After several years out of the public eye - save for JMJ memorials and tributes - both Run and DMC attempt solo comebacks even as their entire back catalogue enjoys a deluxe re-release. Capitalising on the resurgence is controversial hip-hop chronicler Ronin Ro who gets ready to release Raising Hell: The Reign, Ruin, and Redemption of Run-D.M.C. and Jam Master Jay. With an "all-star" band comprised of a couple Aerosmith members and a CSI actor, DMC performs a somewhat embarrassing set at the Toronto date of Live 8, including a cover of Hendrix's "The Watchtower." Several years in the making, his upcoming album, Checks, Thugs and Rock 'n Roll is set to include appearances by everyone from Sarah McLachlan to Doug E. Fresh as well as his ex-partner. Meanwhile, the good Reverend films an MTV reality show called, what else, Run's House about his family life with his wife and five children.

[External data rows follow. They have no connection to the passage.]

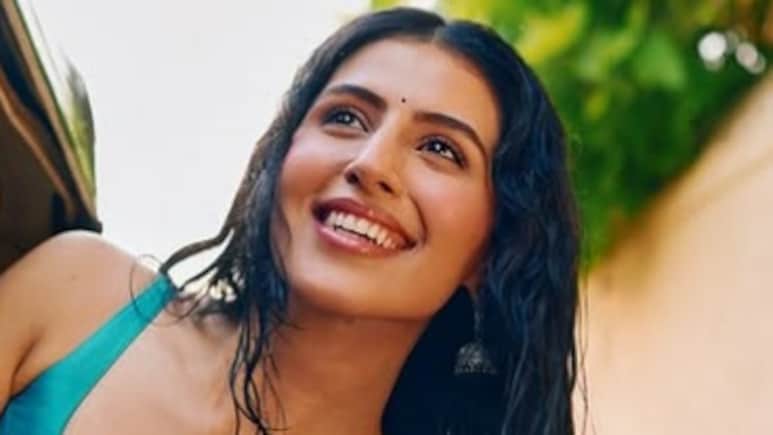 अक्षय कुमार भांजी की 9 तस्वीरें, अमिताभ के नाती अगस्त्य के साथ किया है डेब्यू, देख कर कहेंगे- अगली सुपरस्टार अक्षय कुमार भांजी की 9 तस्वीरें, अमिताभ के नाती अगस्त्य के साथ किया है डेब्यू, देख कर कहेंगे- अगली सुपरस्टार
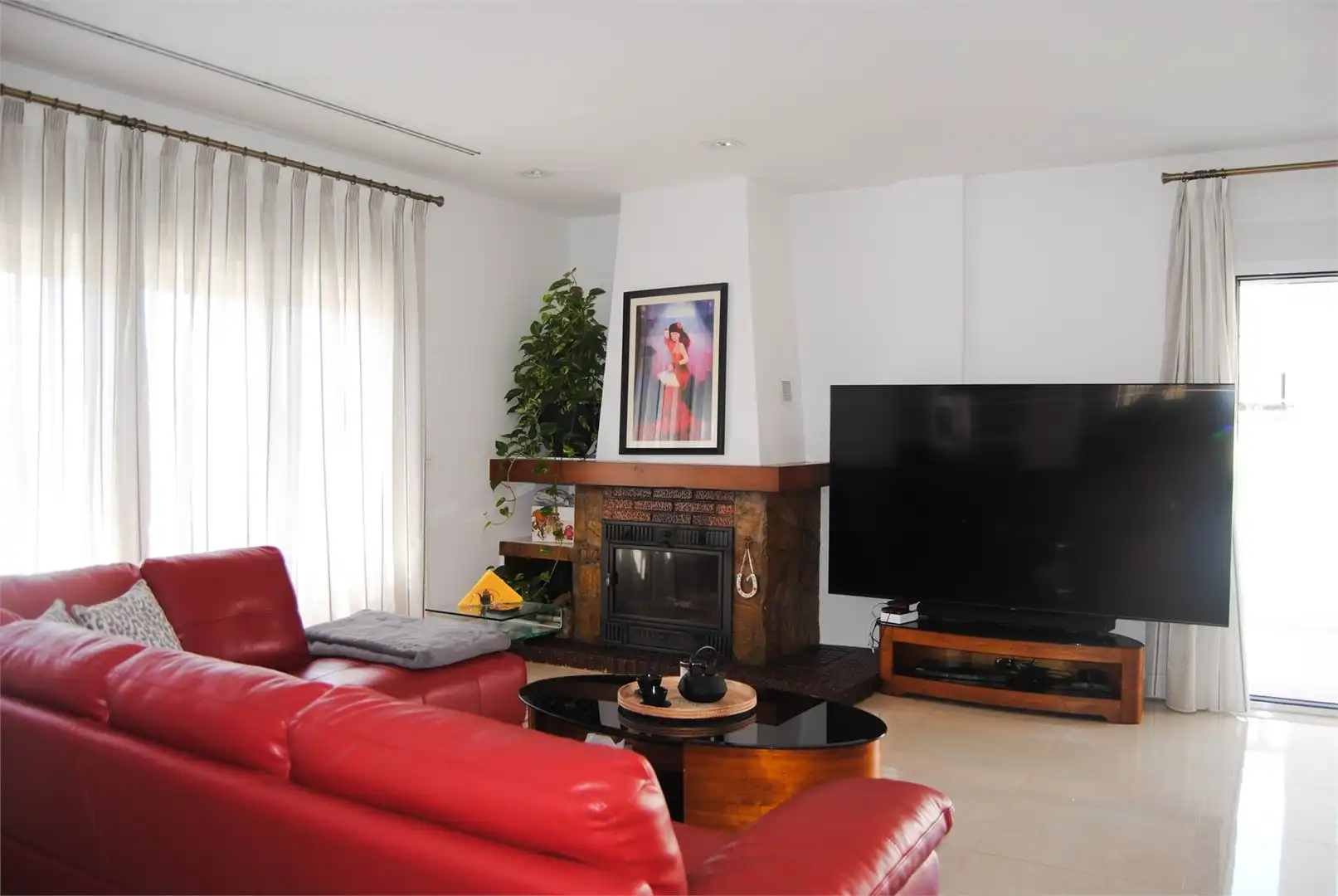 Sala de estar de Casa o chalet en venta en Vélez-Málaga con Aire acondicionado, Jardín privado y Terraza
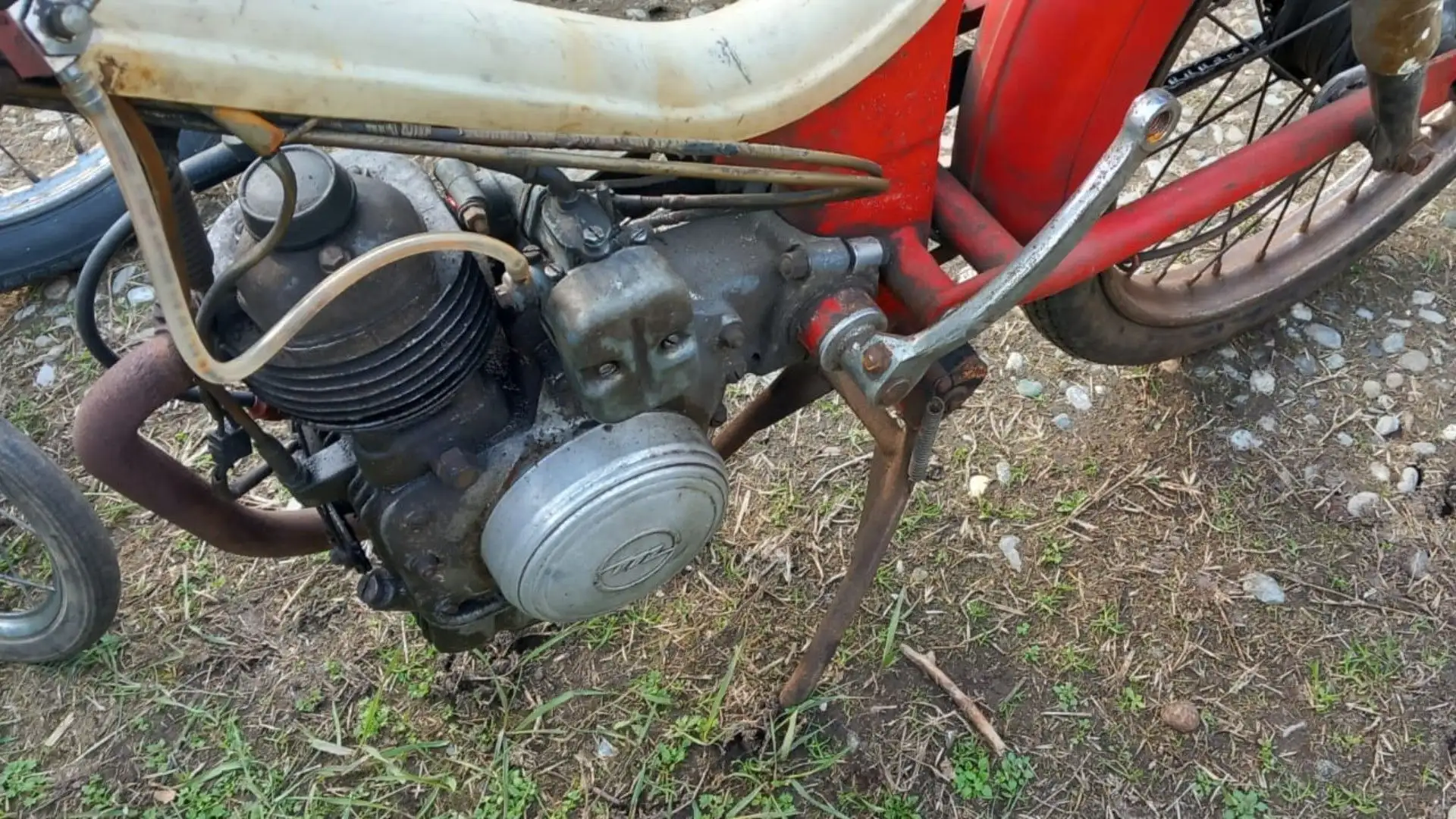 Battista Falchetto, celebre ingegnere del campo automobilistico, progettò un robustissimo telaio a X in lamiera stampata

Produced by his brother and P Diddy, it's due to air in October. That month will also see the release of Run's first solo album Distortion on his brother's new label Russell Simmons Music Group. It's a rock-fuelled retro record produced by virtual unknown Whiteboy. "If you liked Run DMC, you'll like this," Run promises. "I didn't do anything different. I didn't add side-orders, I didn't add any great new modern producers, there's no Pharell or Timbaland. I can't call it old school, because when we worked in the '80s, nobody sounded like us. Nobody was able to duplicate that particular sound."

The Essential Run-DMC

Run-DMC (1984)
With a "Rock Box" to knock your socks off, they roared out of Queens blasting a new style that made everyone before them suddenly sound wack. Trading back-and-forth rhymes praising their DJ, their ‘hood and themselves, addressing ghetto concepts and mocking all opposing "Sucker MCs," Run-DMC nailed hip-hop's first gold record with a previously unparalleled (and still damn near perfect) artistic statement. Hip-hop may have started out in the park, but this was where it finally took to the streets.

Raising Hell (1986)
Though only 11 years old in a white-bread Vancouver suburb, I didn't know a single kid that wasn't rocking this cassette in their walkman at all times. Even ignoring the ultimate crossover track, "Walk This Way," this triple-platinum Rick Rubin-produced classic could do no wrong — rocking rhymes over "My Sharona" samples on "It's Tricky," twisting tongues on "Peter Piper" and hyping sneaks on "My Adidas." From
beginning to end, Hell is hot.

Tougher Than Leather (1988)
You may argue King of Rock is a stronger album, but why you buggin'? Tougher holds up because of its edge-of-overconfidence — sampling the Monkees on "Mary Mary," showing off their shining teamwork on "Beats to the Rhyme" and opening "Run's House" with: "there's a whole lot of superstars on this stage here tonight/but I want y'all to know one thing/this is... my house!" Unfairly underrated because their suddenly retro style had fallen from favour at the dawn of rap's golden age, TTL is actually the group's last gasp of greatness.